Friday, August 31, 2007

A BAILOUT BY ANY OTHER NAME…

8/31/07
Today our “free market” president announced a plan to use the FHA and the tax code to help homeowners who are in over their heads to refinance their mortgages and keep the houses they obviously could not afford in the first place. As the President explained:

"This has led some homeowners to take out loans larger than they could afford based on overly optimistic assumptions about the future performance of the housing market. Others may have been confused by the terms of their loan, or misled by irresponsible lenders. Whatever the reason they chose this kind of mortgage, some borrowers are now unable to make their monthly payments, or facing foreclosure."

The President went on to say:

"Anybody who loses their home is somebody with whom we must show enormous empathy," the president said at an Aug. 9 news conference. "The word `bailout,' I'm not exactly sure what you mean. If you mean direct grants to homeowners, the answer would be no, I don't support that."

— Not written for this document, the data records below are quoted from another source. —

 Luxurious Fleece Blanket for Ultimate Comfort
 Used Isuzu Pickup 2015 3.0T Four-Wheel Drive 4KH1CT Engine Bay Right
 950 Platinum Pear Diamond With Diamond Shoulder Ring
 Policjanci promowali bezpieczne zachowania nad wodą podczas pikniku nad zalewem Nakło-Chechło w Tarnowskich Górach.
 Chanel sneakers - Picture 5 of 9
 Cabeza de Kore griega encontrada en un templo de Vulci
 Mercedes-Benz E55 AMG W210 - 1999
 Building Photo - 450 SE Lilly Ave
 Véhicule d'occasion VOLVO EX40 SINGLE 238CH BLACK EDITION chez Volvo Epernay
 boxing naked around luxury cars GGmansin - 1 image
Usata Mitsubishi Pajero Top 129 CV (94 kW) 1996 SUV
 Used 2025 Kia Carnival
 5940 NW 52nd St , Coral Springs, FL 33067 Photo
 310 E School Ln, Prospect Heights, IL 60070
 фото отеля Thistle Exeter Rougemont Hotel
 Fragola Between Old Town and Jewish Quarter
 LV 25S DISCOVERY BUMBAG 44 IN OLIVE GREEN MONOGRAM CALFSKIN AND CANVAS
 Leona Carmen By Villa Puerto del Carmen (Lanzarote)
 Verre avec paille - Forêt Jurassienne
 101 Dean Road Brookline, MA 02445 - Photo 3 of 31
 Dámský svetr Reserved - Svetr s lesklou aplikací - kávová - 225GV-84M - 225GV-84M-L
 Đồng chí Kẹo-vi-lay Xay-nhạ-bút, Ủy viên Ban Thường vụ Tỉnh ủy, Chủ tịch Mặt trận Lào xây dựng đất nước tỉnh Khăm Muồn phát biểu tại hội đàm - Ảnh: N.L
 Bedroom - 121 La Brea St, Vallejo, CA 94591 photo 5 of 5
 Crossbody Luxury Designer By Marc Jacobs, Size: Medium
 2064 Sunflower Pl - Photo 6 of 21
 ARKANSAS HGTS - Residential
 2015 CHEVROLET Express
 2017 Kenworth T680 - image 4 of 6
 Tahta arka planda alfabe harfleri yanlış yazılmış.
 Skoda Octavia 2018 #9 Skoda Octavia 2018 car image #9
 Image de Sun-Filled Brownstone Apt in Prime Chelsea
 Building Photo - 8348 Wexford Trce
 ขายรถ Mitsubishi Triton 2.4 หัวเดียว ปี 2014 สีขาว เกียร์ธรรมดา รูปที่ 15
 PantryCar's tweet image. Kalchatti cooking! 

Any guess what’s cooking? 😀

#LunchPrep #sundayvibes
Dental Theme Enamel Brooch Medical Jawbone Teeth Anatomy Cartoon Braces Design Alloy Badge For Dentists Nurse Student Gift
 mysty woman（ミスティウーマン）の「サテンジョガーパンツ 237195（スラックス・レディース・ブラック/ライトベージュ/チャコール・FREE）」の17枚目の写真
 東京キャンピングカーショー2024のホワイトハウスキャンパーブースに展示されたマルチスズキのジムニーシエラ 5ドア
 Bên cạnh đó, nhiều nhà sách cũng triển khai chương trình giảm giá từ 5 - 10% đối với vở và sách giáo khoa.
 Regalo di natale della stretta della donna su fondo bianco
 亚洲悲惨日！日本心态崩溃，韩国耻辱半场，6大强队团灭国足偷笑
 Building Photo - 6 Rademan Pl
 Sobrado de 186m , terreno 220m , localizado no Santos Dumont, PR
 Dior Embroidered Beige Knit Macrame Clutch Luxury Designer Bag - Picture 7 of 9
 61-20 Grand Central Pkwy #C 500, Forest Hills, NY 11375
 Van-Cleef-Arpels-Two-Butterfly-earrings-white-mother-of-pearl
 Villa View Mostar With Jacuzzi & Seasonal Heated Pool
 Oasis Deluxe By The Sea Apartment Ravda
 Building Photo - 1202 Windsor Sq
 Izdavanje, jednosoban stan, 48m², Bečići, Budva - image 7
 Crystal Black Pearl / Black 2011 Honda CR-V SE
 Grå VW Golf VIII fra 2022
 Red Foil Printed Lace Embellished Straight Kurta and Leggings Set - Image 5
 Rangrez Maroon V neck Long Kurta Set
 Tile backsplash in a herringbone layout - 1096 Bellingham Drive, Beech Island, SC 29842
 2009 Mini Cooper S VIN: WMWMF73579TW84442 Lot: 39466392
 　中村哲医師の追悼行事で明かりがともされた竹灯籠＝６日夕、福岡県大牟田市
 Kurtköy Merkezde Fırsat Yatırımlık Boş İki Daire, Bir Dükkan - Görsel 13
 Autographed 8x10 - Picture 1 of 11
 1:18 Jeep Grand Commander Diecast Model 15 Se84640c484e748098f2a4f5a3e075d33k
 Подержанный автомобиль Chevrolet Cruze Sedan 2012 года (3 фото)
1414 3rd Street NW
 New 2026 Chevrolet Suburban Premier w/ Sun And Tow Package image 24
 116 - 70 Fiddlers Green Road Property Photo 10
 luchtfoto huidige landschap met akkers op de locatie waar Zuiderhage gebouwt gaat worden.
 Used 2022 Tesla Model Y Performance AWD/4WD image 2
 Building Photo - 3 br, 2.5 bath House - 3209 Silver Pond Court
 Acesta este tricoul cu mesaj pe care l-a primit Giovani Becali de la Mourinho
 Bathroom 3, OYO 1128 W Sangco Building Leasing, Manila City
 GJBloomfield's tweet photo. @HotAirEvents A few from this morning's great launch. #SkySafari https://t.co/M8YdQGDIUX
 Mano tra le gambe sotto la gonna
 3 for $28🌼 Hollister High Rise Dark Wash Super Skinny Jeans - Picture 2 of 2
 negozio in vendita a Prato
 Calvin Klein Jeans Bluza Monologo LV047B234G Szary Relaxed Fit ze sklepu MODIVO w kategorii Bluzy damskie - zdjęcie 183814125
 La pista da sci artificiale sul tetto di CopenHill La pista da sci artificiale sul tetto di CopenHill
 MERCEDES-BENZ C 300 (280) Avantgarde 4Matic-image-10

Well, no, Mr. President, we can have sympathy for people who have lost their homes, but we can’t have empathy with or for them unless we, too, have lost our homes to foreclosure, and most of us haven’t. Most of us haven’t lost our homes in foreclosure because we purchased homes we could afford, made sure we had a financial cushion before we bought such homes, and have been fortunate not to have had to endure a financial problem that exhausted that cushion. Some people are losing their homes in foreclosure due to circumstances beyond their control, but most are losing their homes because they purchased homes they could not afford, homes they had no business purchasing in the first place, and homes that they never really owned anyway. As the AP story said:

A key element of Bush's plan would allow homeowners with good credit histories, but who cannot afford their mortgage payments, to refinance into mortgages insured by the Federal Housing Administration to keep from defaulting. (Emphasis mine)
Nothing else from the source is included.